I have been in the mortgage industry for over 20 years. I specialize in Loss Mitigation. I have been assisting borrowers on getting a loan modification completed with their lender. I do this through my dba Mortgage Works Services, and have never had a loan turned down, and my fees are very fair. Although I understand there are a lot of scam artists out there I am not one of those and all my clients are on a referral base only. I do not advertise. Effective October 11, 2009 a new law was passed that there could no longer be a third party affiliate to assist borrowers that charge up front fees for their service. Doing a loan mod is very hard work. Not the completing of the documents but the status calls and working with these lenders who have no idea what the guidelines are, another words it the follow-up that is the pain, and in most cases they are taking up to 7-8 months to complete the mod. A lot can happen in 8 months and to do all this work and not get paid is just crazy. There is just no way I could continue to do this if that is the case. So I wondered if there was another way to assist them and still be paid up front. They do get a free consultation, and I wont even sign them if I feel there could be the slightest chance they would be turned down. Could there be a contract stating the fee is for consulting only. I would then help them to prepare the forms , explain to them there options, they would have submit the package and follow up. My part would be solely on consulting with them. Is this legal in CA and if so how would/should this agreement be worded. I don't want to break the law but I am still getting people who really do not care about this new law and want me to assist them because of what I was able to do for their friend or family. I don't think it would be fair of me not to have some type of agreement and yet sometimes I think that may be the way to go , but I need to protect myself as well.

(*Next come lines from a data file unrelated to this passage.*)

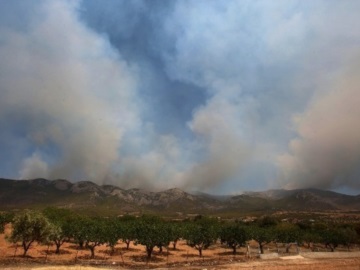 Πολύ υψηλός κίνδυνος πυρκαγιάς αύριο σε Αττική, Στερεά Ελλάδα και Πελοπόννησο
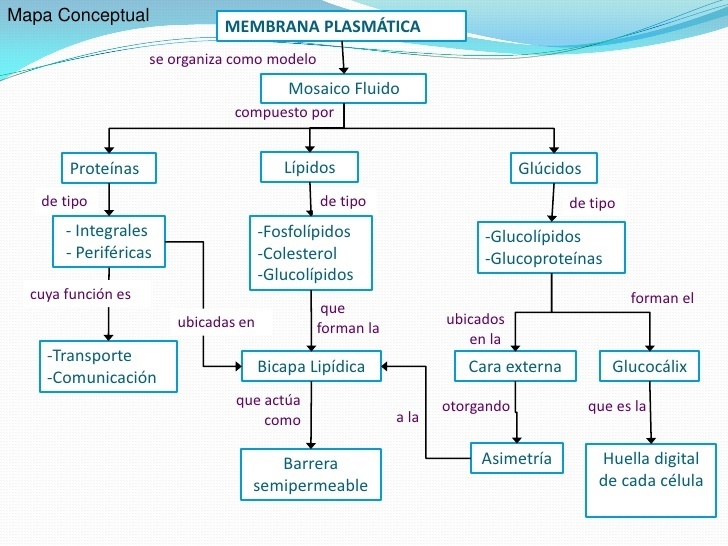Que es un mapa conceptual Brainly.lat
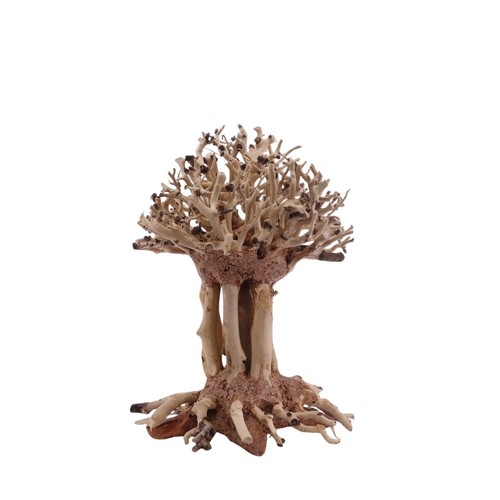 Bonsaï mammut arbre racine - mammut,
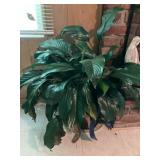 Peace lily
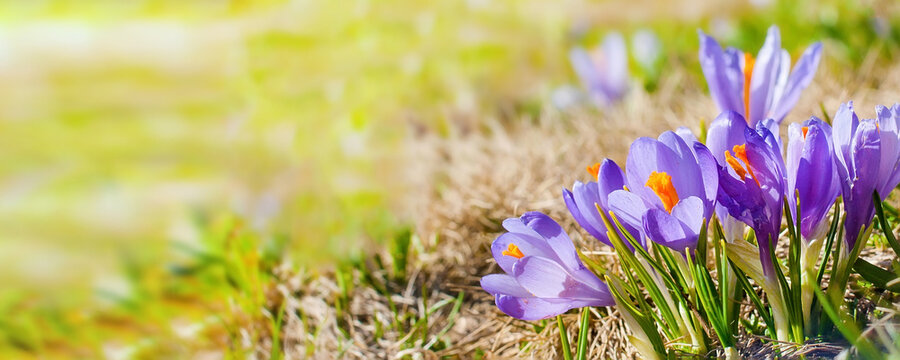 Closeiup purple crocuses spring flowers banner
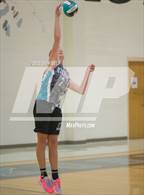 Photo from the gallery "Great Bridge @ Hickory"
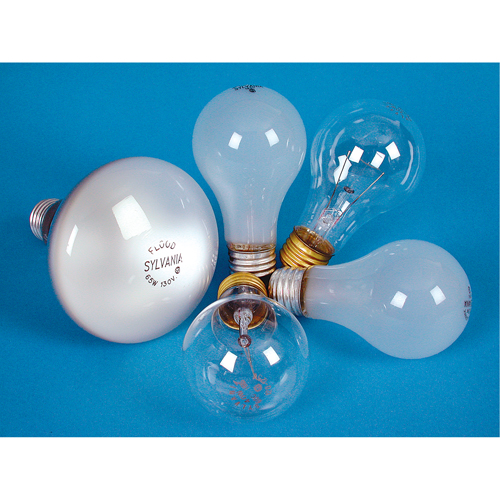 LAMPE INCANDESCENTE,25W,130V,GIVREE,2/PQT EastCoast Offshore Supplies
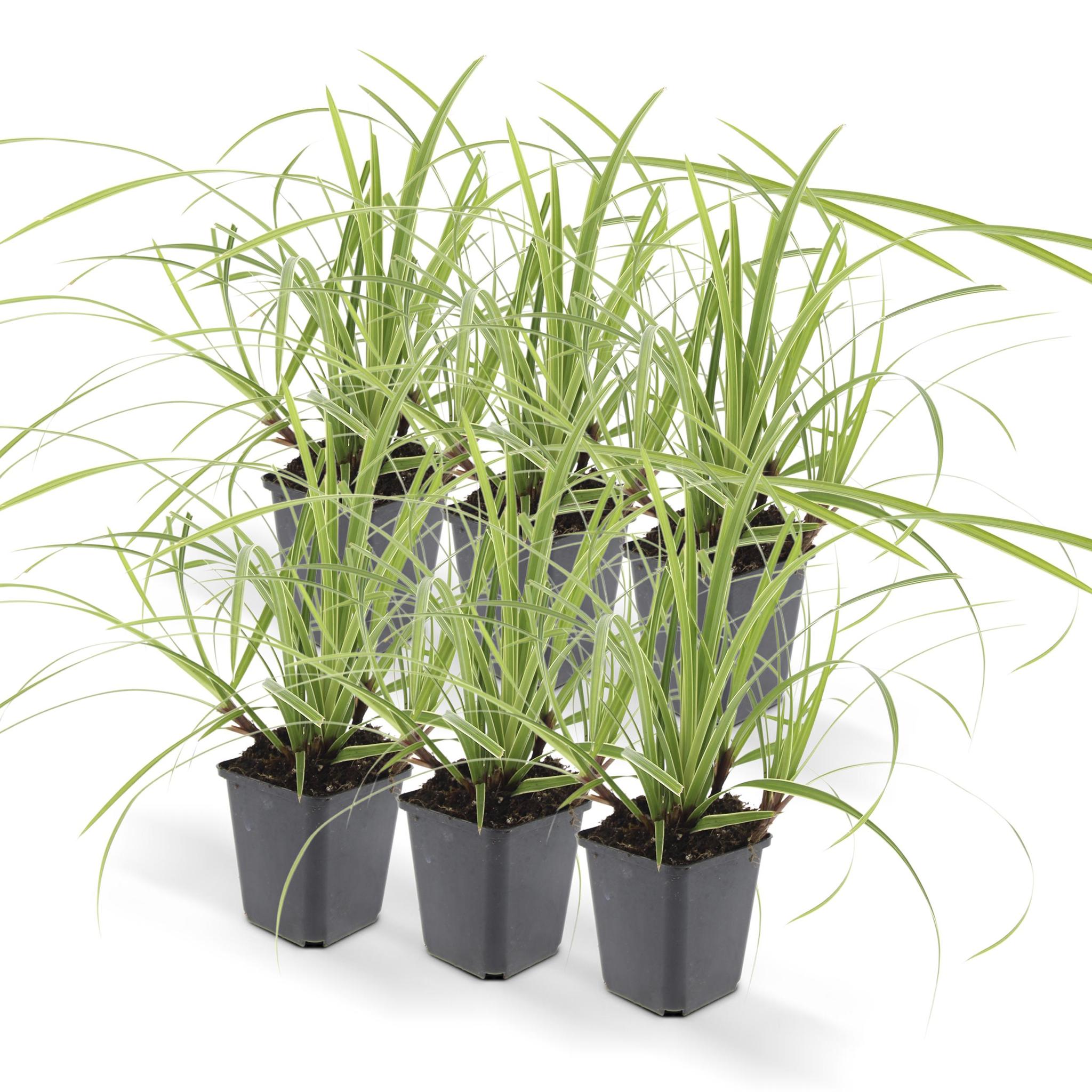 Ziergras Irish Green - Carex morrowii 'Ice Dance' - ↕10-25cm - Ø9cm - 6 Stück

  • Category: Real Property
  • Subcategory: Foreclosure
  • Date:
  • State: California

Answer:

According to the real estate link below, rather than charging an advance fee, a real estate broker and homeowner may agree that the broker will perform a series of separate loan modification services and be compensated once each service has been performed. For example, a broker and homeowner may agree that the homeowner will pay a certain amount after the broker provides the homeowner with an initial consultation, another amount after the broker prepares and submits a loan modification package to the lender, and another amount after the broker has negotiated the loan modification with the homeowner’s lender. Alternatively, the broker and homeowner may agree that the broker will charge a certain hourly rate for services rendered, and that the broker will collect that hourly fee after performing an hour of work.

Other things a broker could do to help collect a fee includes prescreening the homeowner to assess his or her creditworthiness upfront, entering into a written loan modification agreement, and following up with the client to collect payment once the broker’s compensation is due.

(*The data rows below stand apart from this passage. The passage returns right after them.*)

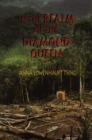 In the Realm of the Diamond Queen : Marginality in an Out-of-the-Way Place - eBook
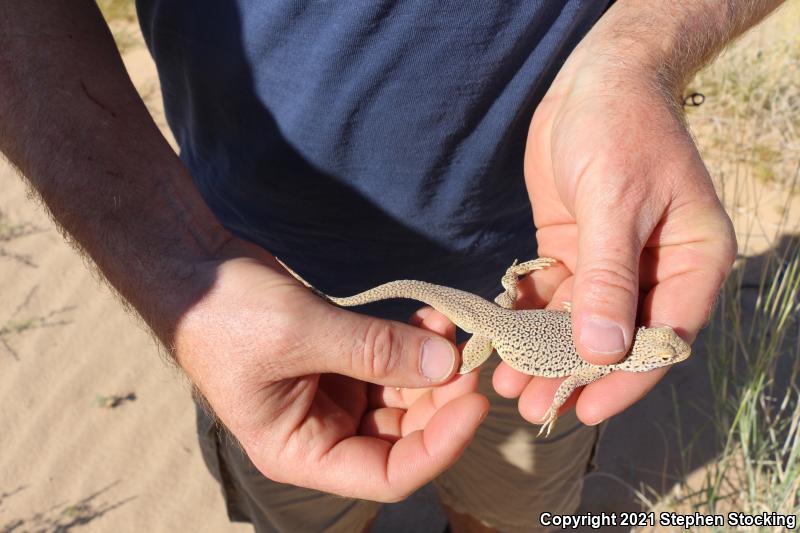 Mojave Fringe-toed Lizard (Uma scoparia)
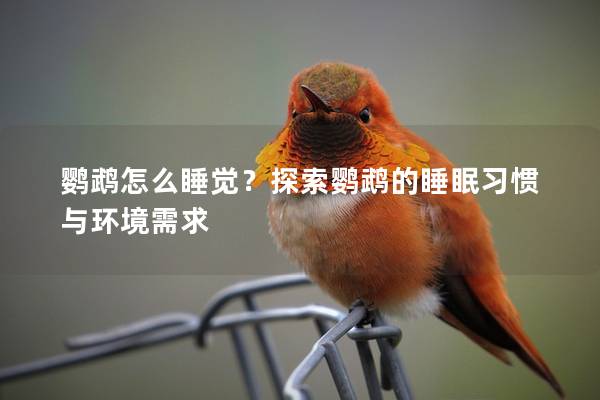 鹦鹉怎么睡觉？探索鹦鹉的睡眠习惯与环境需求
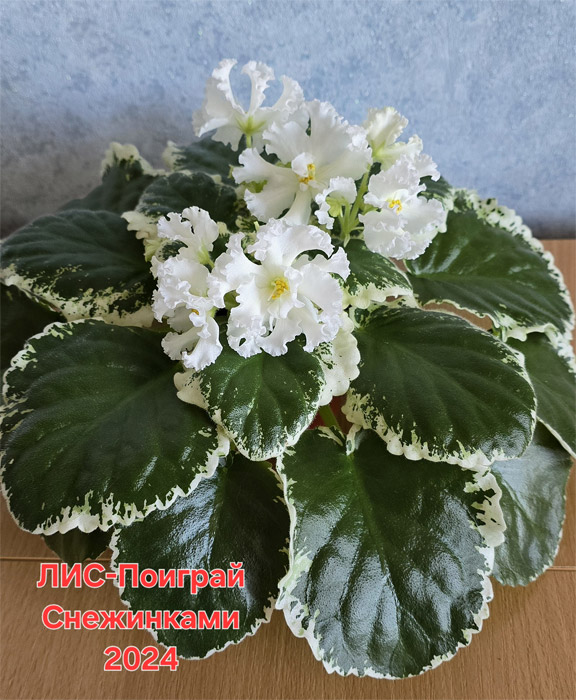 лис-поиграй-снежинками.jpg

The statute of frauds is a law that requires certain contracts to be in writing and signed to be enforceable. As an example, a real estate broker seeking to recover compensation for listing a property for sale must have a written agreement signed by the seller (Cal. Civ. Code § 1624). However, the statute of frauds does not cover an agreement to compensate a broker for providing loan modification services or mortgage broker services. Hence, if no advance fees are collected, a broker may sue to recover compensation for performing loan modification services absent any agreement in writing.

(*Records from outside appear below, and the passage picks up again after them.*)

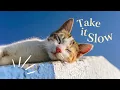 Playlist プレイリスト[오전 카페음악] 🌸 나른한 봄날, 기분까지 살랑이는 순간🌸  | 그냥 틀어두면 하루가 가벼워지는 플리^^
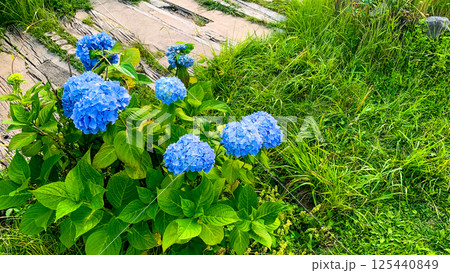 別府、志高湖の紫陽花 別府、志高湖の紫陽花 125440849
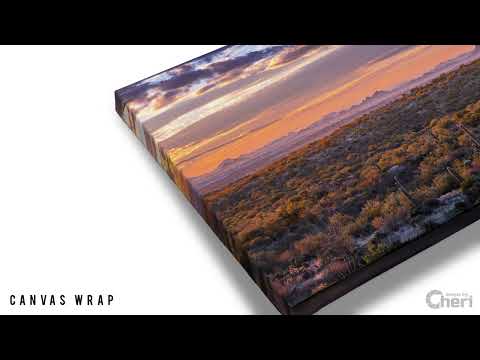 Bradenton’s Robinson Preserve Tower: Bradenton Florida Wood Tower Print Wall Art Photography Aluminum/Acrylic/Metal/Canvas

Even though a broker may pursue a claim for compensation absent a written loan modification agreement, it is highly recommended to get the agreement in writing and signed by the homeowner. A written loan modification agreement can explain each party’s rights and obligations to help avoid future litigation. Furthermore, if a broker chooses to sue for compensation, a written loan modification agreement can serve as evidence of the broker’s entitlement to compensation.

For further discussion, please see also:

http://www.californialisting.com/Loan_Modification_2009/page_2195741.html
http://www.law.yale.edu/documents/pdf/cbl/Mayer_Morrison_Piskorski_New_Proposal.pdf

This content is for informational purposes only and is not legal advice. Legal statutes mentioned reflect the law at the time the content was written and may no longer be current. Always verify the latest version of the law before relying on it.

FAQs

The timeline for loss mitigation can vary significantly based on the lender and the complexity of the borrower's situation. Typically, the process may take anywhere from a few weeks to several months. After submitting a loan modification application, it may take the lender 30 to 90 days to review the request. Once approved, the actual modification may take additional time to finalize. It's important for borrowers to maintain communication with their lender during this period for updates.